▶ _DATA EXTRACTS_:
::::::::

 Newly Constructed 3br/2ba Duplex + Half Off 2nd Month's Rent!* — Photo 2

::::::::

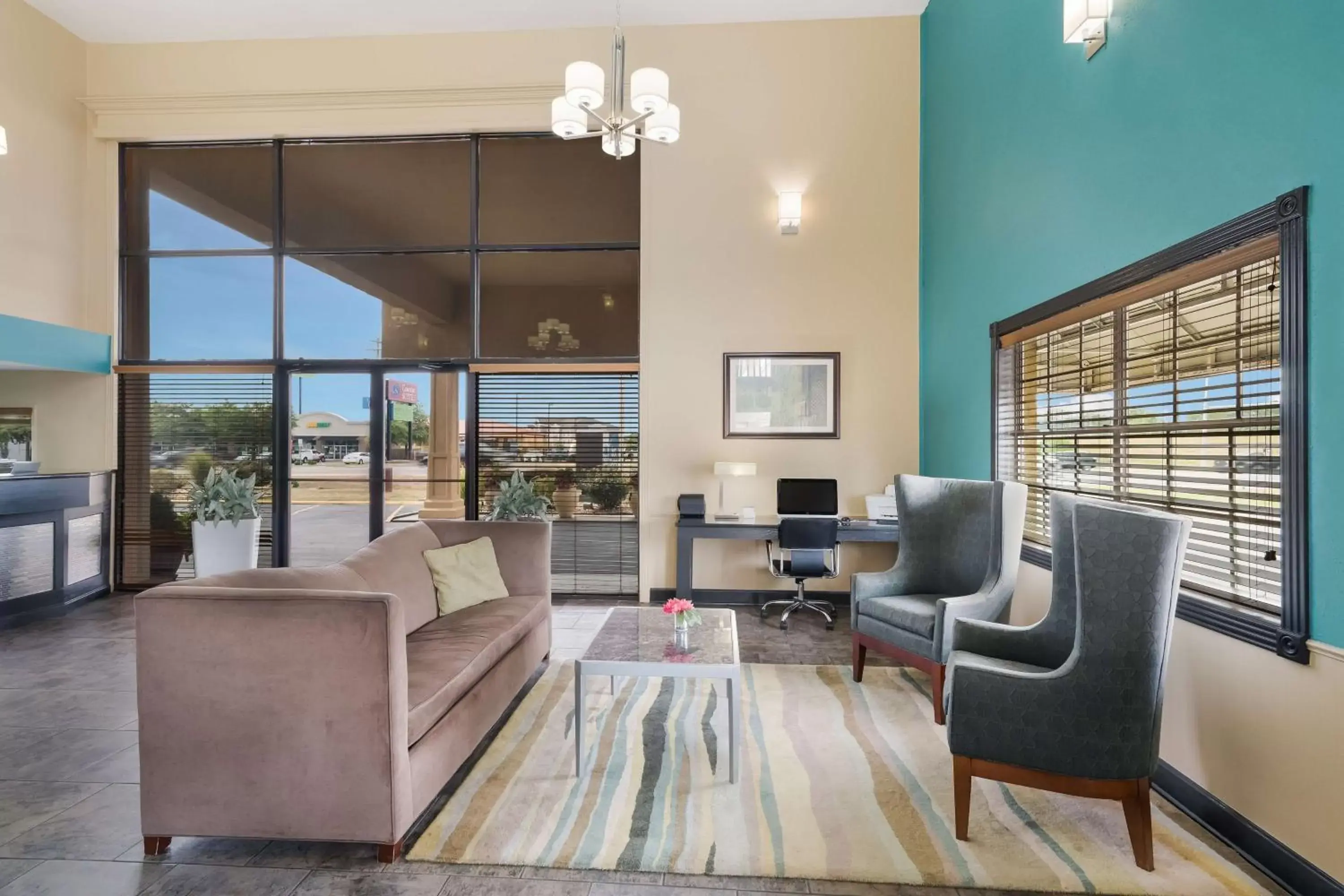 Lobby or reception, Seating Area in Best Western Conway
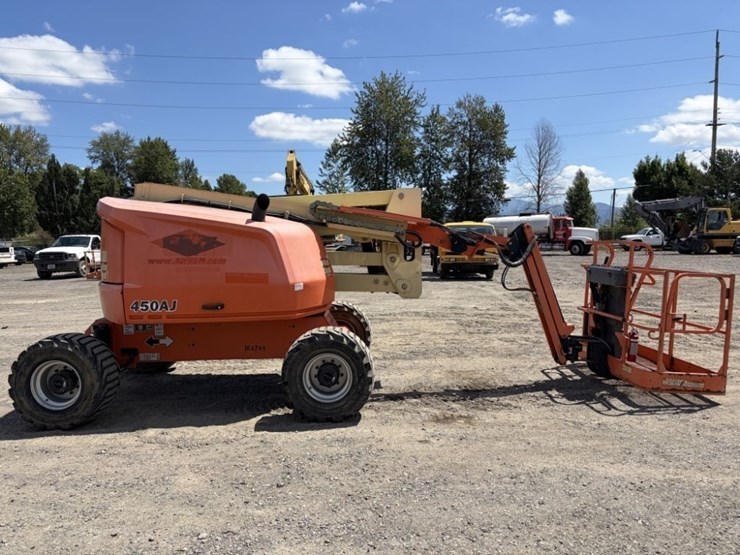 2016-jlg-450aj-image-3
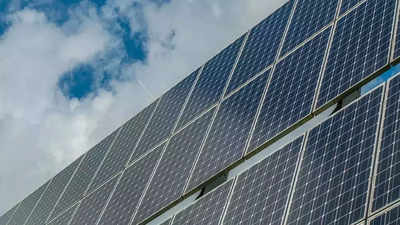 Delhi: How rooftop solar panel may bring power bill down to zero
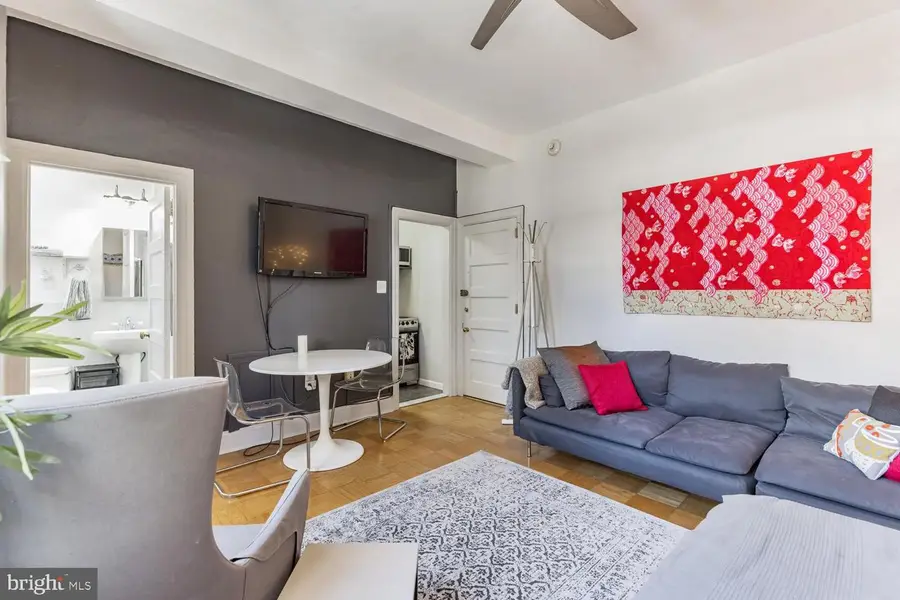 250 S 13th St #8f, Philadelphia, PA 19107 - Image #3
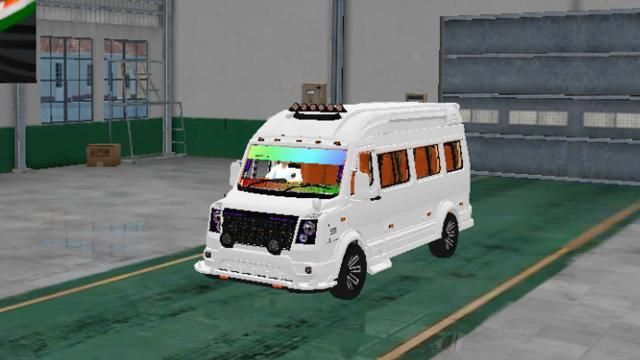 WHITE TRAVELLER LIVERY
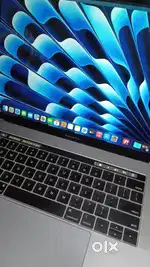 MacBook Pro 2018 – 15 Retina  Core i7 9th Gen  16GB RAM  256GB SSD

::::::::

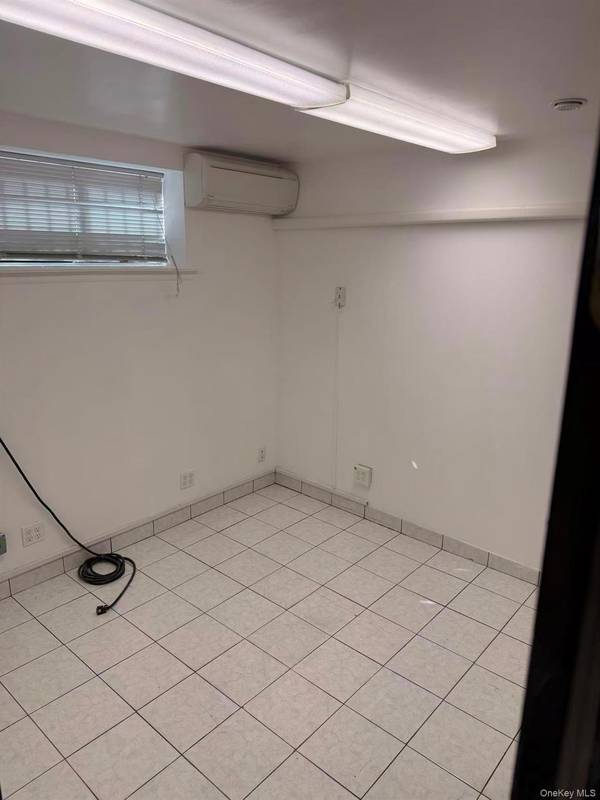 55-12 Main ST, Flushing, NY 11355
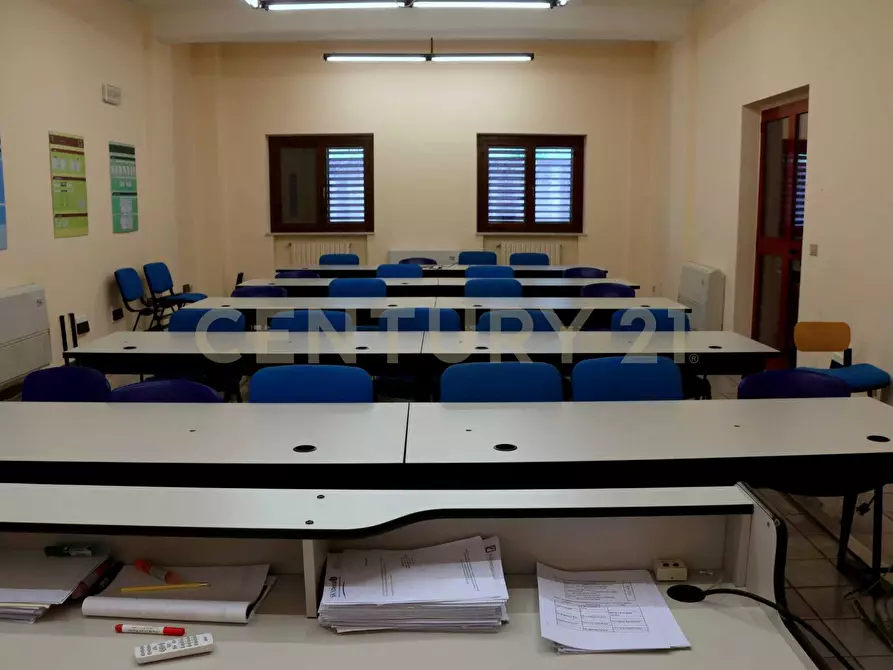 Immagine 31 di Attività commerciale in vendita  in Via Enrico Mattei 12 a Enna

::::::::

▶ _WHAT THIS TASK INVOLVES_:
Copy word for word the lines of the records above from the one with "2016-jlg-450aj-image-3" up to and including the one with "MacBook Pro 2018". Skip the pictures.

▶ _RESULT_:
 2016-jlg-450aj-image-3
 Delhi: How rooftop solar panel may bring power bill down to zero
 250 S 13th St #8f, Philadelphia, PA 19107 - Image #3
 WHITE TRAVELLER LIVERY
 MacBook Pro 2018 – 15 Retina  Core i7 9th Gen  16GB RAM  256GB SSD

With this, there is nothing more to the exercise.